Scraped caption text data
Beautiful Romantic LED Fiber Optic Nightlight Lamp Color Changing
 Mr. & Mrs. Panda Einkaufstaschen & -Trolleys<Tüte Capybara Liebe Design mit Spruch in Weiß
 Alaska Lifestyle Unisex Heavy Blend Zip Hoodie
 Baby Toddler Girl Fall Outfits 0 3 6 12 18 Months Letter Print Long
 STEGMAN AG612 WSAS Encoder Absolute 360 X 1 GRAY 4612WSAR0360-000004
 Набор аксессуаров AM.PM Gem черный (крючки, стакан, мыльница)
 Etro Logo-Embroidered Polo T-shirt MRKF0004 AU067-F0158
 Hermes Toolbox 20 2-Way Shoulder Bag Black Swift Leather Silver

> _Exercise instructions_:
What's wanted is each line above, transcribed with nothing altered.

> _Result for this exercise_:
Beautiful Romantic LED Fiber Optic Nightlight Lamp Color Changing
 Mr. & Mrs. Panda Einkaufstaschen & -Trolleys<Tüte Capybara Liebe Design mit Spruch in Weiß
 Alaska Lifestyle Unisex Heavy Blend Zip Hoodie
 Baby Toddler Girl Fall Outfits 0 3 6 12 18 Months Letter Print Long
 STEGMAN AG612 WSAS Encoder Absolute 360 X 1 GRAY 4612WSAR0360-000004
 Набор аксессуаров AM.PM Gem черный (крючки, стакан, мыльница)
 Etro Logo-Embroidered Polo T-shirt MRKF0004 AU067-F0158
 Hermes Toolbox 20 2-Way Shoulder Bag Black Swift Leather Silver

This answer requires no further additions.